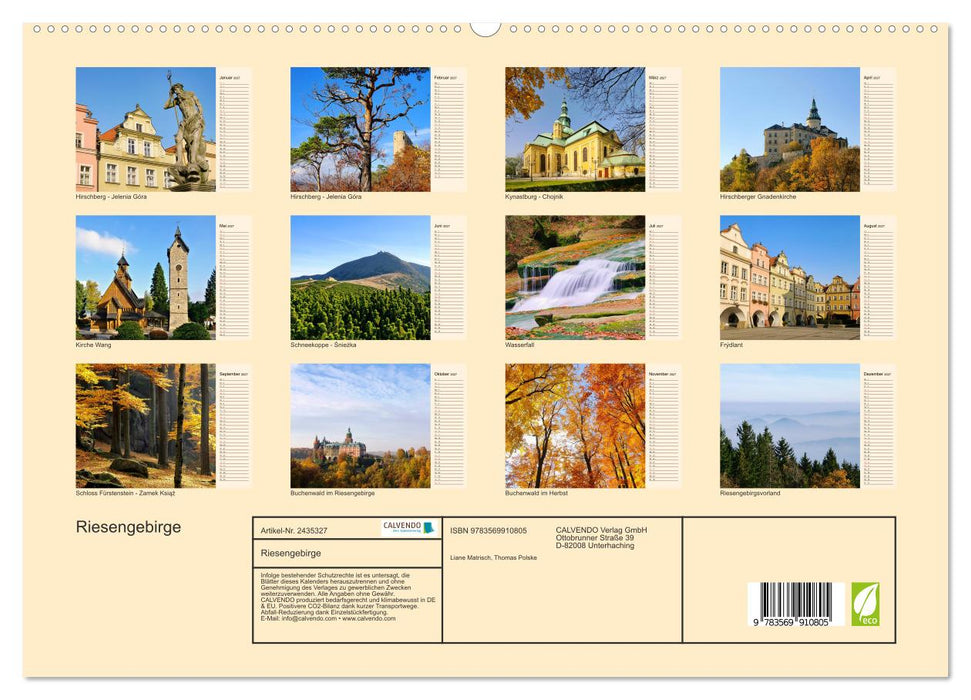Riesengebirge (CALVENDO Premium Wandkalender 2027)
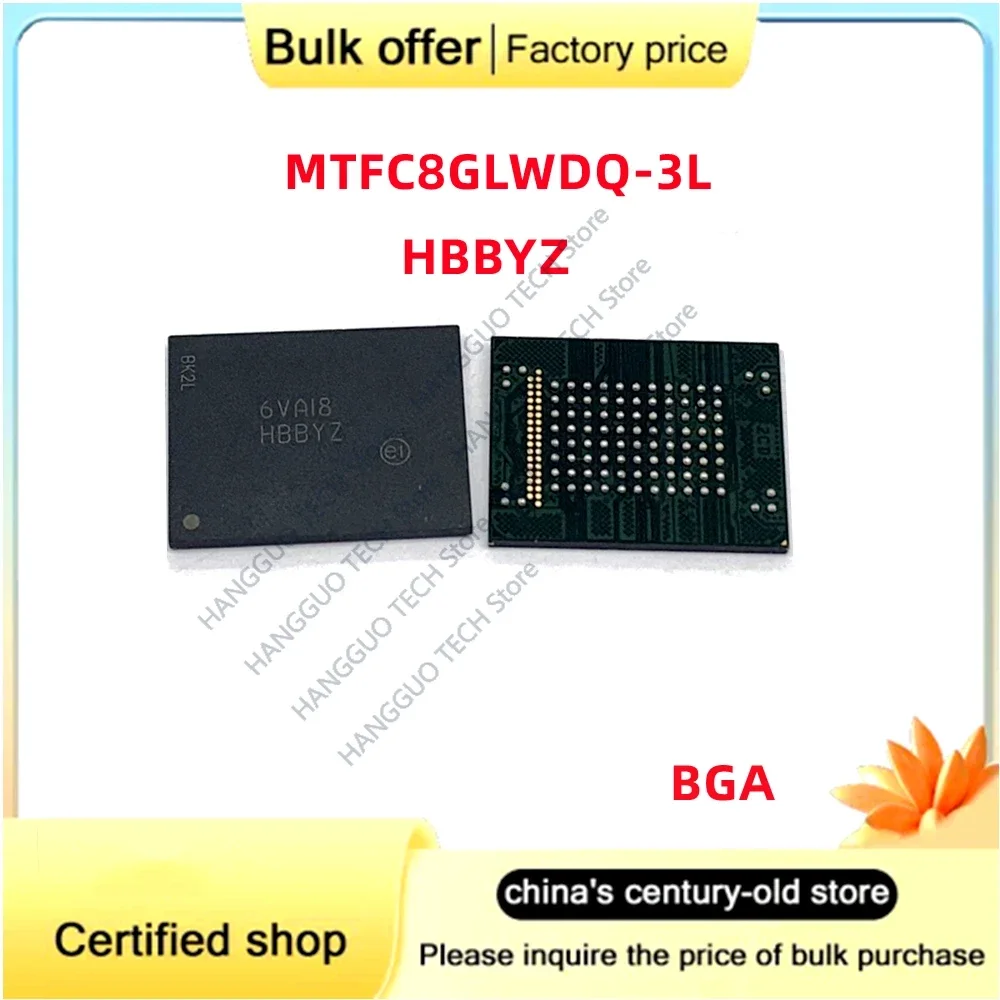 Free Shipping Original MTFC8GLWDQ-3L Silk screen HBBYZ BGA 8G memory For Buick Cadillac chip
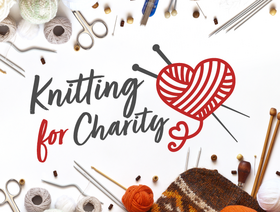 Various knittingsupplies lay against a white background accompanied by text that reads Knitting For Charity and a illustrative heart made of yarn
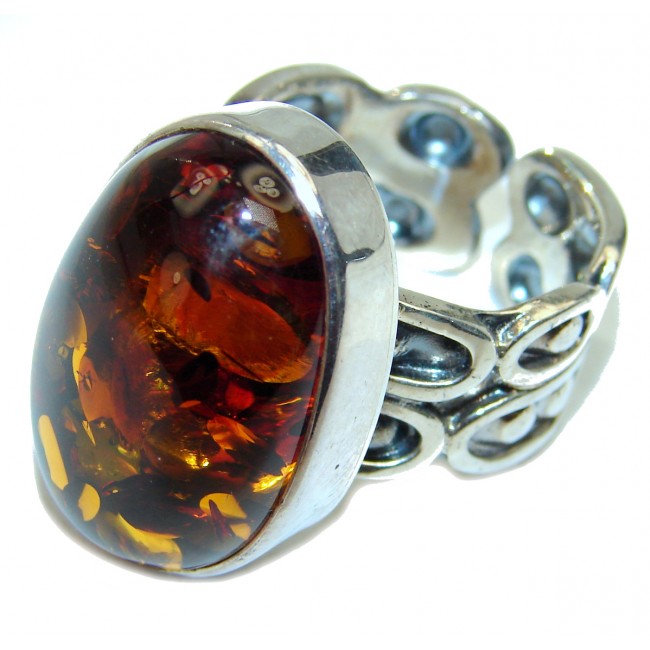 Excellent quality Baltic Amber .925 Sterling Silver handcrafted Ring s. 8 adjustable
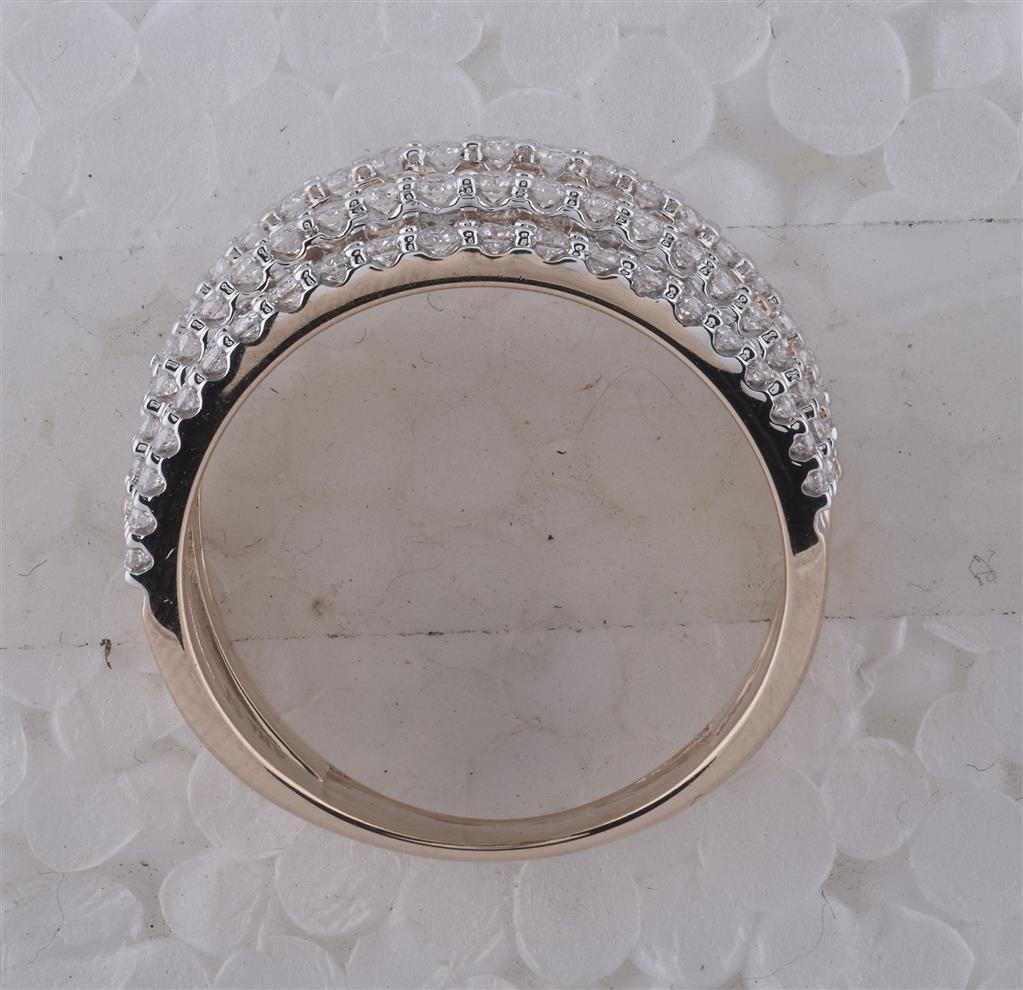 14k Rose Gold Round Diamond Right-Hand Anniversary Ring 1 Cttw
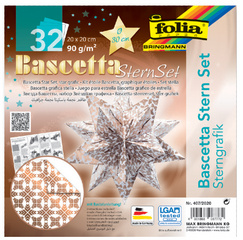 Image folia Faltblätter Bascetta-Stern, 200 x 200 mm, weiß/kupfer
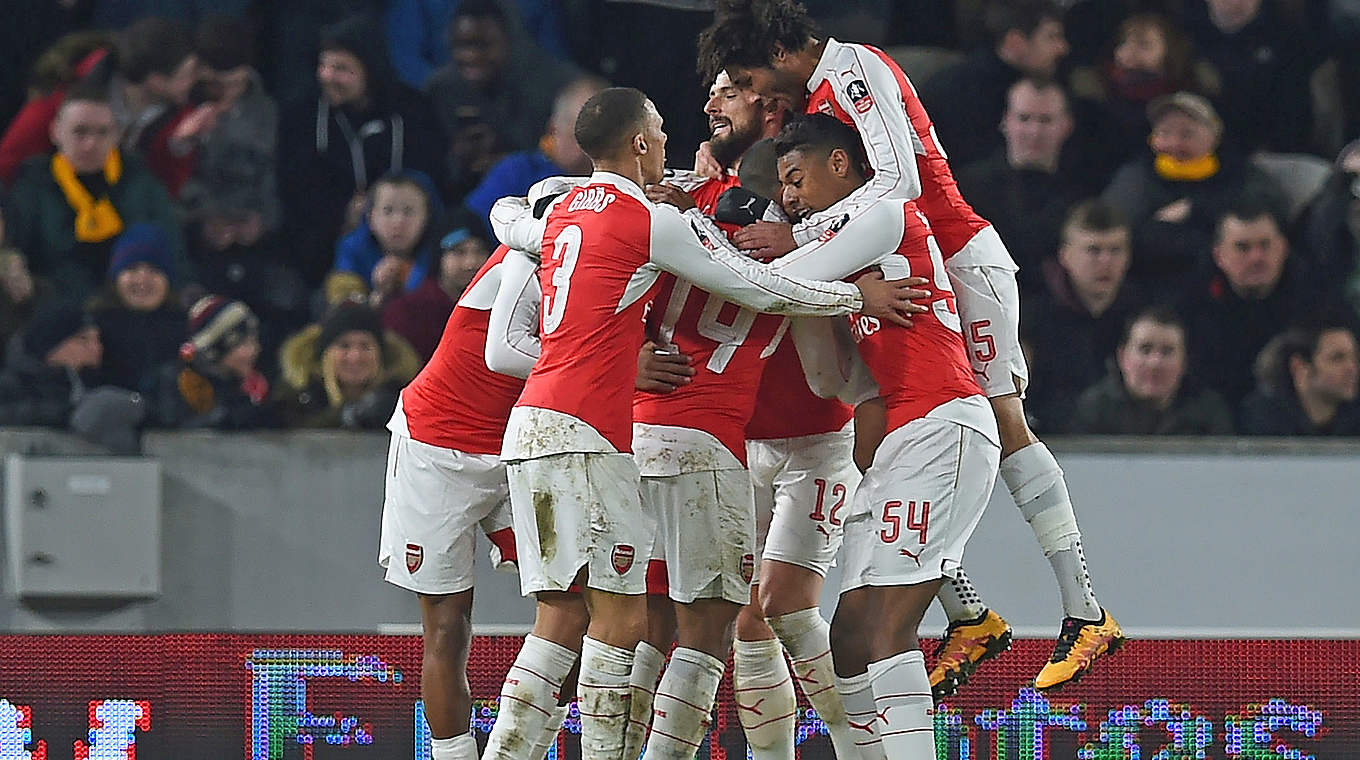 Jubel bei Arsenal: die Gunners stehen im Viertelfinale des FA Cups © PAUL ELLIS/AFP/Getty Images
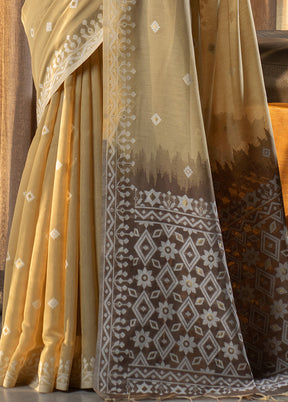 Beige Pure Cotton Saree With Blouse Piece - Indian Silk House Agencies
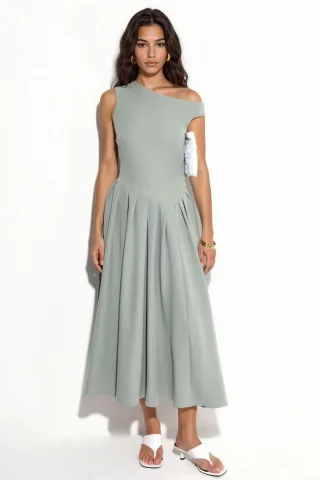 Asymmetrisches Kragen-Midi-Kleid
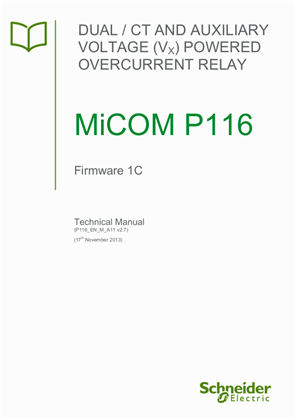 Image of MiCOM P116, Manual (global file) P116/EN M/A11 version 2.7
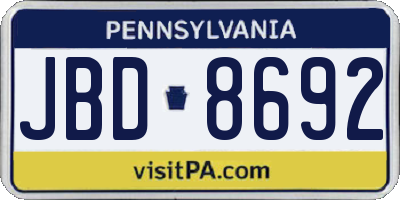 PA license plate JBD8692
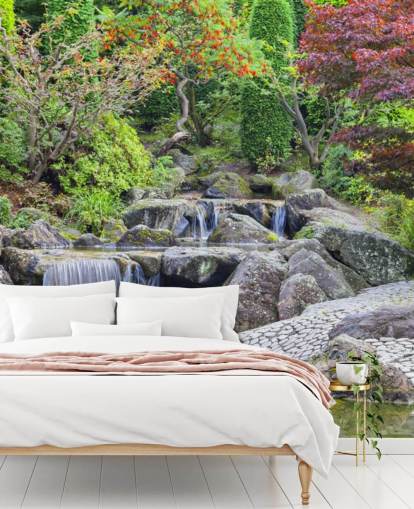 Japanse waterval tuin muurschildering Japanse waterval tuin muurschildering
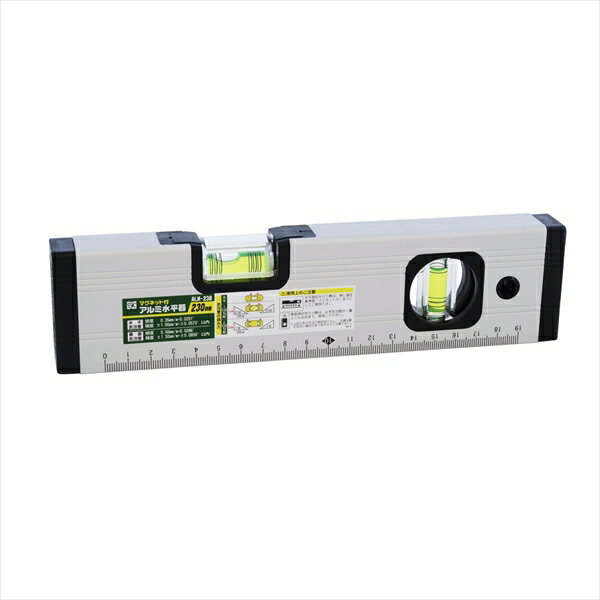 アルミ水平器 マグネット付 230mm シルバー 新潟精機 ALM-230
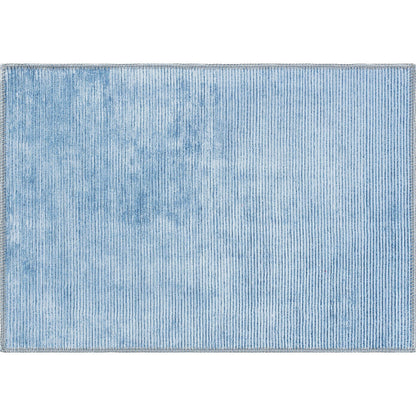 Contemporary Distressed Stripe Machine Washable Area Rug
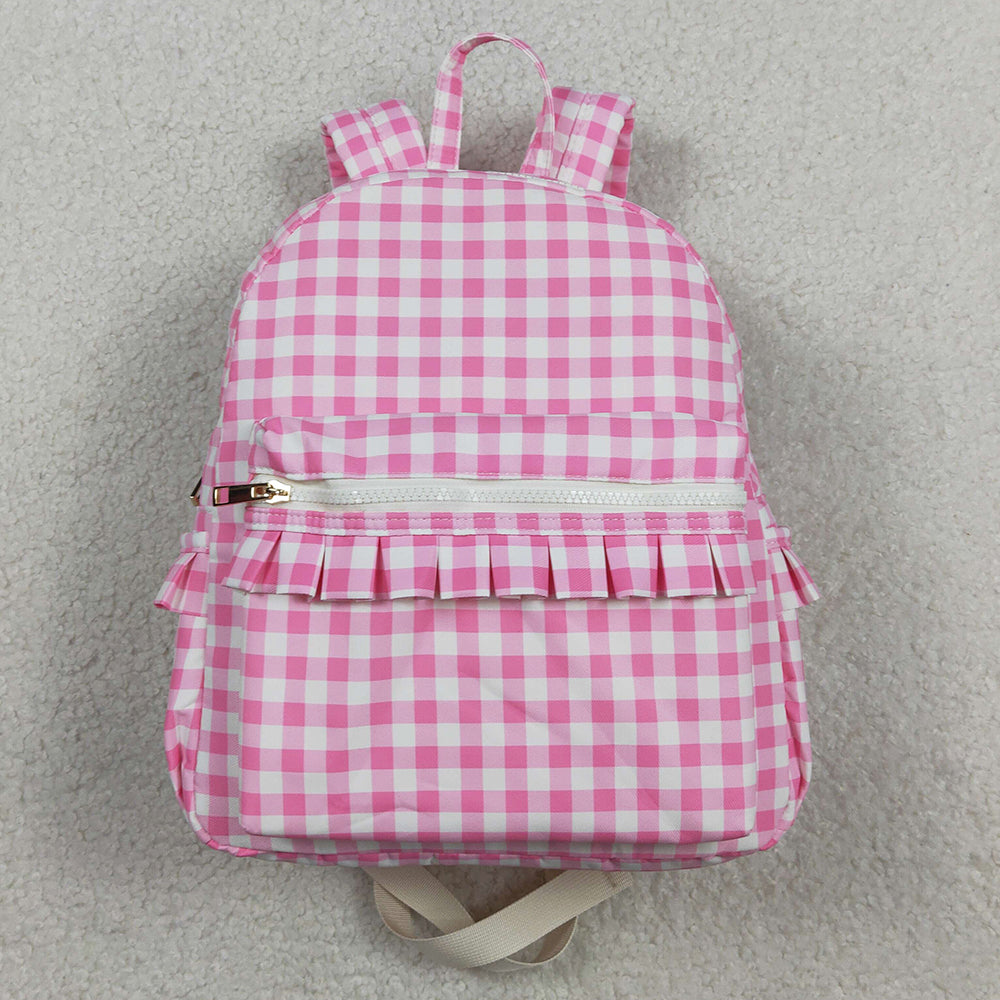 Baby Girls Bags Children Pink Checkered Back Bags BA0086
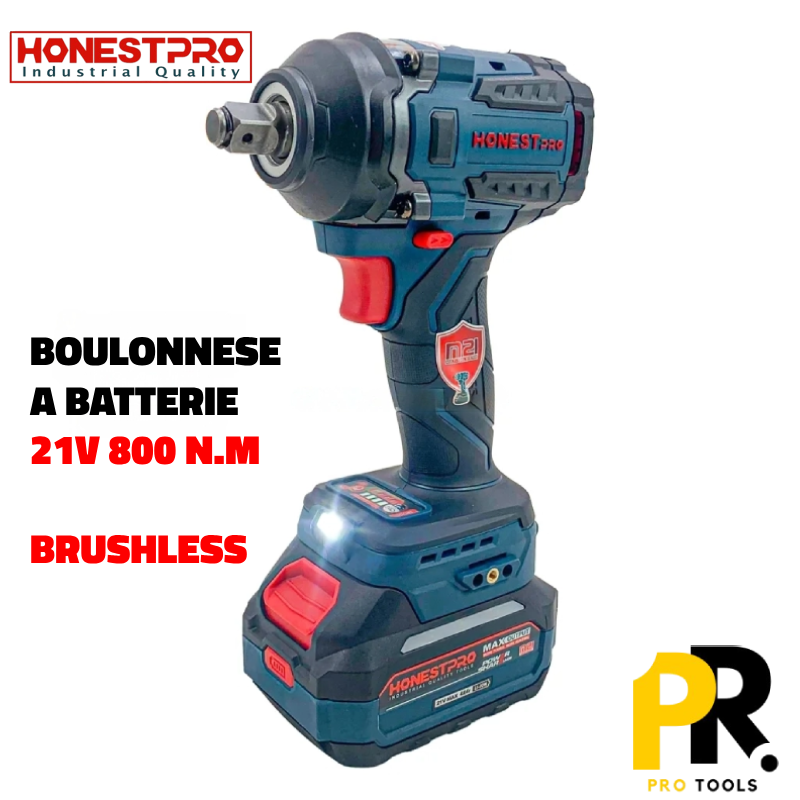 BOULONNEUSE CLE A CHOC BATTERIE 21V 800N.M HONESTPRO YAE6113 آلة فك البراغي ببطارية
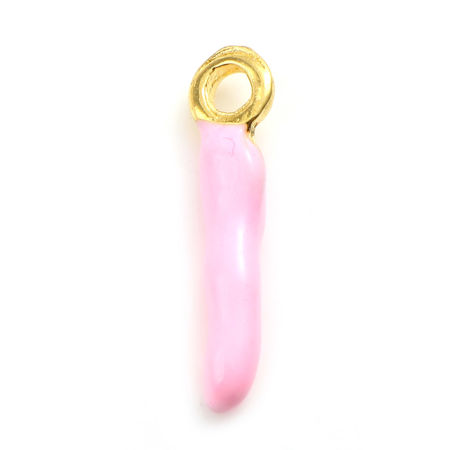 Image de Breloques en Alliage de Zinc Piment Doré Rose env. Émail 20mm x 5mm, 10 Pcs
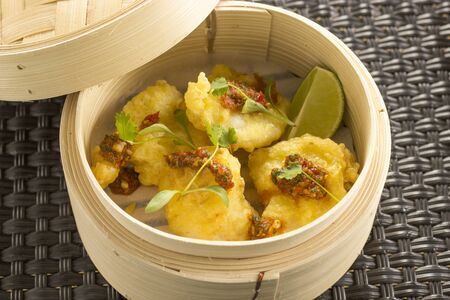 Tempura cod cheeks with chilli jamの写真素材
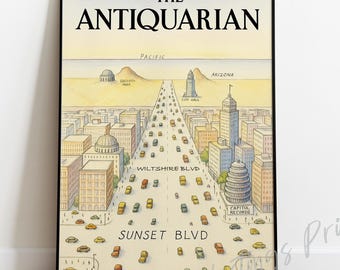 Vintage Los Angeles Magazine Cover Print,  New Yorker Style – Antiquarian Collectible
**********
> [TASK PROMPT]: The records above need retyping in full. Omit the pictures, and change nothing else.

> [RESULT]:
Riesengebirge (CALVENDO Premium Wandkalender 2027)
 Free Shipping Original MTFC8GLWDQ-3L Silk screen HBBYZ BGA 8G memory For Buick Cadillac chip
 Various knittingsupplies lay against a white background accompanied by text that reads Knitting For Charity and a illustrative heart made of yarn
 Excellent quality Baltic Amber .925 Sterling Silver handcrafted Ring s. 8 adjustable
 14k Rose Gold Round Diamond Right-Hand Anniversary Ring 1 Cttw
 Image folia Faltblätter Bascetta-Stern, 200 x 200 mm, weiß/kupfer
 Jubel bei Arsenal: die Gunners stehen im Viertelfinale des FA Cups © PAUL ELLIS/AFP/Getty Images
 Beige Pure Cotton Saree With Blouse Piece - Indian Silk House Agencies
 Asymmetrisches Kragen-Midi-Kleid
 Image of MiCOM P116, Manual (global file) P116/EN M/A11 version 2.7
 PA license plate JBD8692
 Japanse waterval tuin muurschildering Japanse waterval tuin muurschildering
 アルミ水平器 マグネット付 230mm シルバー 新潟精機 ALM-230
 Contemporary Distressed Stripe Machine Washable Area Rug
 Baby Girls Bags Children Pink Checkered Back Bags BA0086
 BOULONNEUSE CLE A CHOC BATTERIE 21V 800N.M HONESTPRO YAE6113 آلة فك البراغي ببطارية
 Image de Breloques en Alliage de Zinc Piment Doré Rose env. Émail 20mm x 5mm, 10 Pcs
 Tempura cod cheeks with chilli jamの写真素材
 Vintage Los Angeles Magazine Cover Print,  New Yorker Style – Antiquarian Collectible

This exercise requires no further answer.